While the Seychelles are pretty (and surprisingly doable by public transportation), they are very, very expensive and unless you are staying in one of the high end resorts, the people can be extremely rude. I kind of expected the same African island vibe that I had experienced in Zanzibar and Kenya but that definitely wasn’t the case.  People, at least the ones who weren’t of Indian descent, even seemed openly hostile.  The only exception was the middle-aged woman who ran my guest house in La Digue and was very friendly.  Sadly, I only saw her once or twice in the few days that I was there.

Would I go back?

Probably not.  I found it to be extremely expensive for what it was and as a backpacker, you can easily get the same experience by visiting islands in Southeast Asia or off the coast of Mexico. 

Mauritius

Located about a two hour flight south of the Seychelles, Mauritius is made up of one big island and a few outlying smaller islands that you can take day trips too.  There is also an island called Rodrigues that lies about a two hour flight east of Mauritius.  The island was art of France for a very short period of time before becoming a British colony which it stayed for around 150 years.  

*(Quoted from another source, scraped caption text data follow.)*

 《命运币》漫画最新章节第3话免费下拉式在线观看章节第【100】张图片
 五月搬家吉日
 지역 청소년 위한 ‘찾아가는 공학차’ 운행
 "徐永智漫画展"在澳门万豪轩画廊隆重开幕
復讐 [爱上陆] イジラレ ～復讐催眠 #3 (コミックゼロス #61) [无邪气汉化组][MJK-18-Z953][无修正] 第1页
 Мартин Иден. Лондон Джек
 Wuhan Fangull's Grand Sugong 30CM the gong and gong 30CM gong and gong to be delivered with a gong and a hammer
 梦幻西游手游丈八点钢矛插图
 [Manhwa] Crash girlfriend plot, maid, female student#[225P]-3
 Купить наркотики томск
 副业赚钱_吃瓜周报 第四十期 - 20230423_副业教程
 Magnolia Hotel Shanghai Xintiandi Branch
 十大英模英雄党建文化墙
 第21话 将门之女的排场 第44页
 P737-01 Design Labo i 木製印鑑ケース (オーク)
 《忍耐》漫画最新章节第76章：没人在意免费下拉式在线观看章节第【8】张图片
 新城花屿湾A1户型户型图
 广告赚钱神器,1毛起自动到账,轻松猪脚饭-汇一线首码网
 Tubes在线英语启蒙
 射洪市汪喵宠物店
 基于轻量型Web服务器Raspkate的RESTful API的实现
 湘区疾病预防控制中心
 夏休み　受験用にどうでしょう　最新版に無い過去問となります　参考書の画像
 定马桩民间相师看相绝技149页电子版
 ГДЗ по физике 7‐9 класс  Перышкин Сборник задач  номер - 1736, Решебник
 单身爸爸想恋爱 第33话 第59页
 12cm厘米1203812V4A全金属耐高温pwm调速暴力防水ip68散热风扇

There isn’t a ton of stuff to do in Mauritius besides hiking, swimming, and diving.  Most of the coral is dead so the snorkeling doesn’t compare with other parts of the world but there are tons of fish and you can even snorkel amongst sea turtles.  Everything is made super easy for tourists and you can hire a taxi to take you pretty much everywhere, rent a car if you want to go off on your own, or try your luck at the bus service.  I took the buses throughout the southern part of the island and from Port Louis to Grand Bay without having any issues at all. 

First impressions

Virtually everyone there is of Indian descent besides the handful of South African and French expats who have relcoated there.  In my experience, people were extremely welcoming and helpful and although pretty much everyone speaks French as their first language, they can easily switch back and forth between both languages (unlike most native French speakers).  I personally loved the Indian vibe that you have there and it reminds me of going to India without having to deal with some of the negative aspects of it. 

Would I go back?

Absolutely! I was supposed to stay in Mauritius for just two weeks and instead stayed for nearly two and a half months. I felt very comfortable there and even managed to befriend a group of South African expats who took me under their wings.  It isn’t the best place if you want an action packed holiday full of museums and cultural activities but it is a great place if you want to rest and recharge your batteries in the middle of a much longer trip (which is what I greatly, greatly needed).

Reunion

Reunion lies about a 45 minute flight west of Mauritius and is still very, very much part of France.  It is a volcanic island so very different from the relatively flat islands of Mauritius and Seychelles and some of the most popular things to do there are hiking, mountain biking, and other outdoor adventure activities. The island is surrounded by sharks so you can’t swim anywhere unless you want to get nibbled on by a tiger shark and although diving is possible, I haven’t heard great things about it.  

First impressions

Reunion itself is extremely beautiful with two soaring mountains (one of which is still an active volcano) dotted with emerald green crevases that seem to go halfway up the mountain. While my friend and I didn’t tackle any of the longer hiking trails that the island is famous for, the shorter ones were well-maintained and relatively easy to follow, except never trust the expected time that they give on the trail signs.  They are always way off and I think they were written by French ultra-hikers who weigh 100 pounds of sheer muscle and can bound up steep cliffs like a mountain goat. 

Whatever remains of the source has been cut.